Но радость его оказалась преждевременной, потому что когда через два дня вымогатель позвонил снова, то просто-напросто не поверил тому, что услышал от Ольги.
— Нашли дурака, — нагло рассмеялся он в трубку. — Так я вам и поверил. Пусть ваш сын сам подойдет к телефону и скажет, что он все знает, тогда поверю.
— Но его нет дома, — растерялась Ольга, которая совсем не была готова к такому обороту. К тому же Димки действительно дома не было.
— Конечно, как же иначе, — фыркнул шантажист. — Вот что, мамочка. Готовьте-ка деньги, время уговоров кончилось, послезавтра позвоню в это же время. Чтобы все было тип-топ. Ясненько?
Павел, молча наблюдавший, как жена ведет переговоры с вымогателем, вдруг взорвался:
— Все! Хватит! Наглецов надо учить. Я немедленно иду в милицию и пишу на него заявление. Мало он нам крови попортил!
— Да что ты, Пашенька, — попыталась урезонить его жена, — пусть себе звонит, мы же его не боимся. Позвонит еще какое-то время и перестанет.
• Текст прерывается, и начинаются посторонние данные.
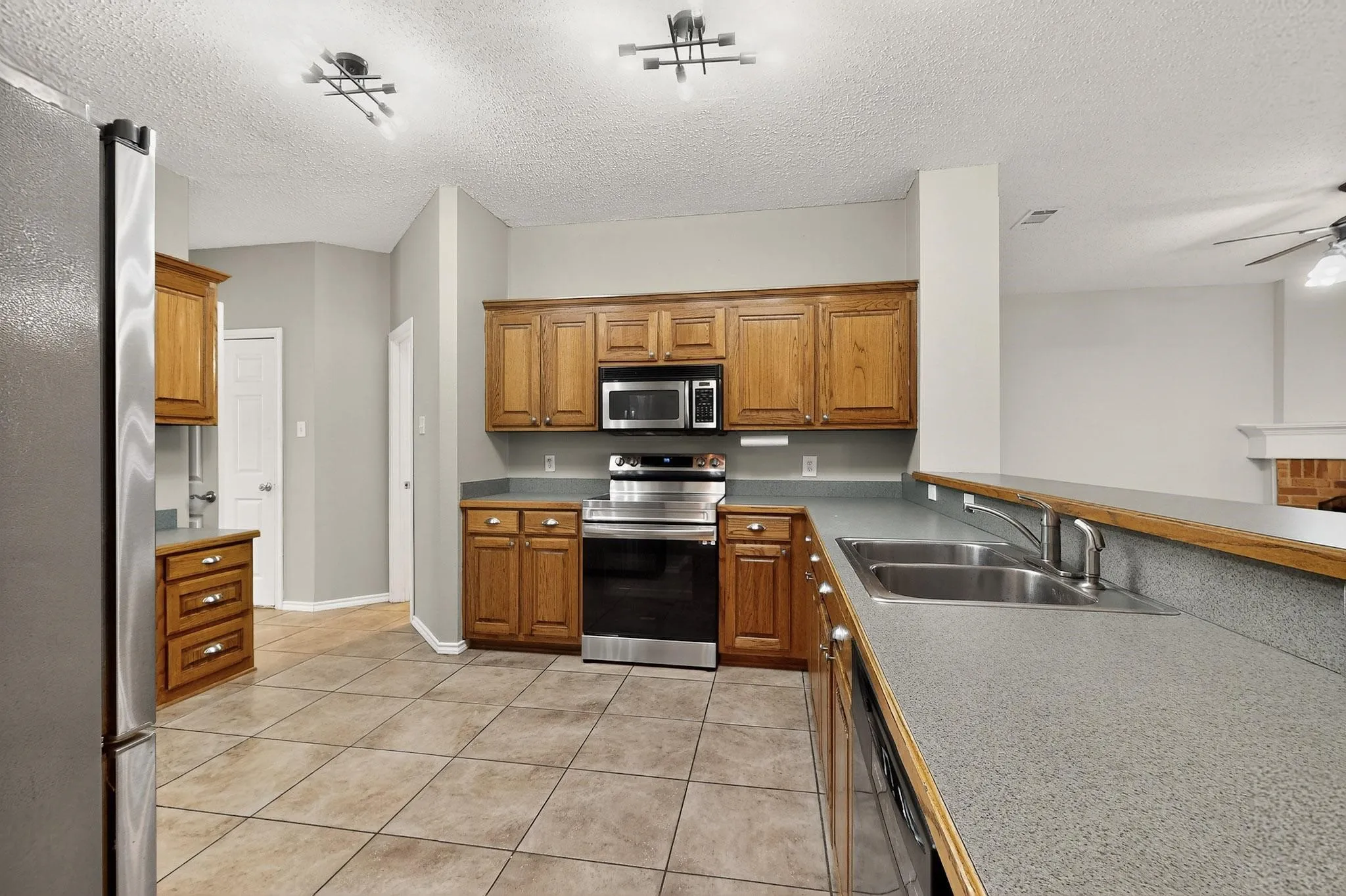 Kitchen featuring stainless steel appliances, light tile patterned floors, a ceiling fan, brown cabinets, and a textured ceiling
— Перестанет? А если он вздумает осуществить свою угрозу? Он же не верит, что мы все рассказали Диме, и может попытаться поймать его где-нибудь на улице, чтобы открыть ему глаза на историю рождения. А ты уверена, что Димка спокойно это воспримет? Не кинется бить ему морду? Или не испугается до нервного шока? Я не хочу, чтобы этот ублюдок встретил моего сына в каком-нибудь тихом уголке.
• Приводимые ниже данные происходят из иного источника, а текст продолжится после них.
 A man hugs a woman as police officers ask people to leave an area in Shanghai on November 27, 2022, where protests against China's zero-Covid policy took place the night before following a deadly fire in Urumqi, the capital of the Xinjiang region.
Он выскочил в прихожую и начал быстро одеваться. Ольга рванулась было за ним, но внезапно поняла, что муж прав. Безусловно прав.
В кабинет начальника следственной части городской прокуратуры Константин Михайлович Ольшанский входил без трепета. Во-первых, он давно и хорошо знал своего начальника, а во-вторых, точно так же хорошо знал, что его собственная резкость, порой граничащая с откровенным хамством, служит ему надежной защитой. Ольшанского в прокуратуре не любили и связываться с ним боялись, хотя и отдавали должное его профессионализму и безупречной юридической грамотности.